Hope Hicks' Lawyer Says She Didn't Lie to Congress About Trump's 2016 Hush Money Deal: 'Simply Wrong'

Hope Hicks' lawyer is refuting evidence from newly unsealed court documents that show the former White House communications director may have lied to Congress about her involvement in the hush money payments made to Stormy Daniels during the 2016 election.

"Reports claiming that Ms. Hicks was involved in conversations about 'hush money' payments on October 8, 2016, or knew that payments were being discussed, are simply wrong," attorney Robert Trout said in a statement on Friday.

Trout added that Hicks "stands by her truthful testimony" to the House Judiciary Committee last month and will be complying with any further inquiries from lawmakers on the issue. On Thursday, committee chairman Jerrold Nadler demanded Hicks return to Capitol Hill for a second round of questioning on the campaign finance saga.

"As I reminded you at the outset of your interview, anything other than complete candor can have very serious consequences," Nadler wrote in his letter to Hicks. The Democratic congressman also listed seven instances where Hicks may have lied during her testimony.

The former Trump official has been given an August 15 deadline to voluntarily appear before the committee for additional questioning. If she does not comply by then, she will be issued a subpoena.

Hicks' original testimony came into question on Thursday after a federal court released un-redacted search warrant documents and other court filings that were part of an investigation into campaign finance violations tied to Michael Cohen.

The documents show that Hicks spoke with both Donald Trump and Cohen shortly before the negotiations began for the payments made to Daniels to keep quiet about her alleged affair with Trump. The three of them spoke for at least four minutes during a conference call on October 8, 2016.

FBI records also show that Cohen and Hicks spoke again later that day. That same evening, Cohen began to work out a deal with The National Enquirer to arrange the hush money deal. Cohen is currently serving a three-year prison sentence for a slew of crimes he committed while working for Trump.

"Based on the timing of these calls, and the content of the text messages and emails, I believe that at least some of these communications concerned the need to prevent Clifford from going public, particularly in the wake of the Access Hollywood story," the document read.

hope hicks stormy daniels hush money involvement
Former White House communications director Hope Hicks leaves the hearing room during a break at a closed-door interview with the House Judiciary Committee June 19, 2019 on Capitol Hill in Washington, D.C. Hicks was the first former Trump aide to testify before the panel’s investigation into special counsel Robert Mueller’s report and obstruction of justice. Alex Wong/Getty

But Hicks told a different story under oath to the House Judiciary Committee in June when asked about the hush money deal.

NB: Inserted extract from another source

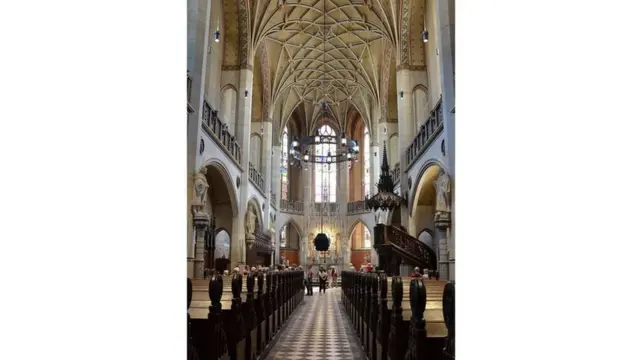 التماثيل داخل كنيسة القلعة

"Were you ever present when Trump and Cohen discussed Stormy Daniels?" Rep. Jackson Lee asked Hicks, to which she replied, "No ma'am." Lee asked her the same question again, and Hick repeated the same answer.

Bradley Moss, a national security attorney, tweeted that the court documents make it clear that Hicks lied to lawmakers during her testimony. "I'm going to be surprised if there isn't a 1001 violation referral for Hope Hicks by the end of tomorrow. It appears rather clear she lied to Congress about the Stormy Daniels saga," he wrote.

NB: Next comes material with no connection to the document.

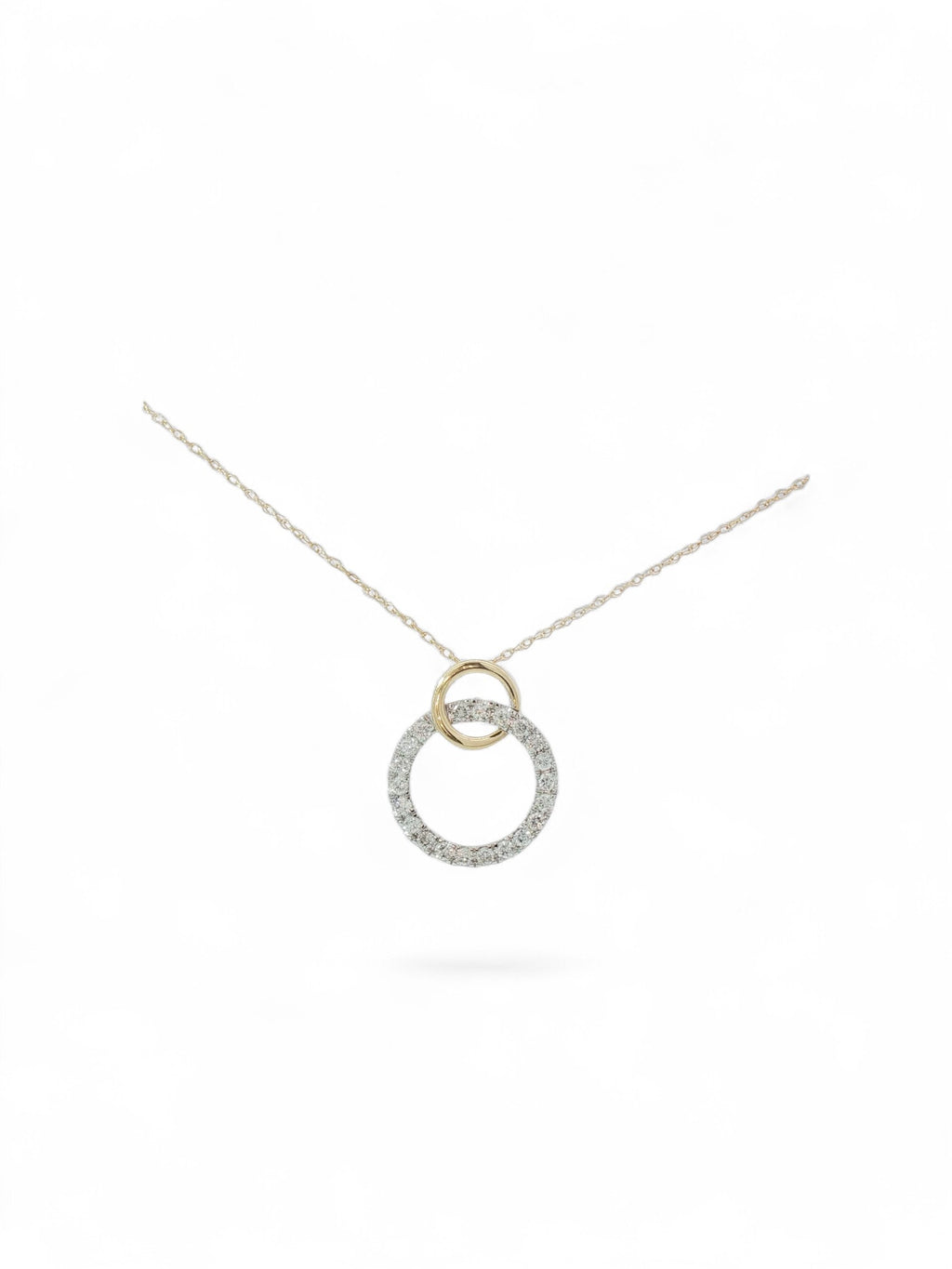 Intertwined circle pendant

The unsealed court documents marked the end of the federal investigation into campaign finance violations. The probe ended without any additional charges against other executives in Trump's inner circle who were linked to the matter.

U.S. District Judge William Pauley III said that the records were made public because the campaign finance violations and the information gleaned from the investigation are "a matter of national importance."

"Now that the government's investigation into those violations has concluded, it is time that every American has an opportunity to scrutinize the materials," he added in his ruling.